As noted above, in the Superior Court, DiSano relied on the basis provided in § 10–3–12(4), maintaining that the majority imperfectly executed their powers by miscalculating the offset amount. DiSano challenges the portion of the offset that was calculated with the workers' compensation benefits that were attributable to his hip replacement. However, because the arbitrators did not quantify the total amount of damages, there is no support for DiSano's suggestion that, but for the inclusion of this amount in the offset, his damages award would have been greater than the offset amount and judgment would have entered in his favor.2 Aside from the workers' compensation benefits, there is an additional $50,000 offset amount that arose from insurance payments, which DiSano does not challenge. As the hearing justice astutely remarked, it is conceivable that DiSano's damages award did not even rise above this $50,000 offset amount, given the finding of minimal damages by the majority. Because of this very real possibility, this Court cannot say that the majority of the arbitrators “so imperfectly executed [their powers] that a mutual, final, and definite award upon the subject matter submitted was not made.” Section 10–3–12.

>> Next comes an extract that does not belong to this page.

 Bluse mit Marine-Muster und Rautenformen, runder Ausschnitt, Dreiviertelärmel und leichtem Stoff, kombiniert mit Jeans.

Further, even if the arbitrators did err by failing to subtract the amount of workers' compensation benefits attributable to DiSano's hip replacement from the offset amount, “[a]n arbitrator's award will not be overturned for mere errors of law.” Atwood Health Properties, LLC v. Calson Construction Co., 111 A.3d 311, 315 (R.I. 2015). We are persuaded by the following language set forth in Loretta Realty Corp. v. Massachusetts Bonding and Insurance Co., 83 R.I. 221, 114 A.2d 846 (1955), where this Court declined to vacate an arbitration award despite the acknowledgment that the arbitrator had made a mistake of law:

“The only complaint is that the arbitrator committed an error of law in making [the arbitration award] and that in doing so he imperfectly executed his powers. But assuming that the arbitrator made the alleged mistake it did not result in his failing to make a mutual, final and definite award within the submission. The plaintiffs' real complaint is that the award is unfavorable to them and that this is the result solely of the arbitrator's alleged error of law.” Loretta Realty, 83 R.I. at 227, 114 A.2d at 849.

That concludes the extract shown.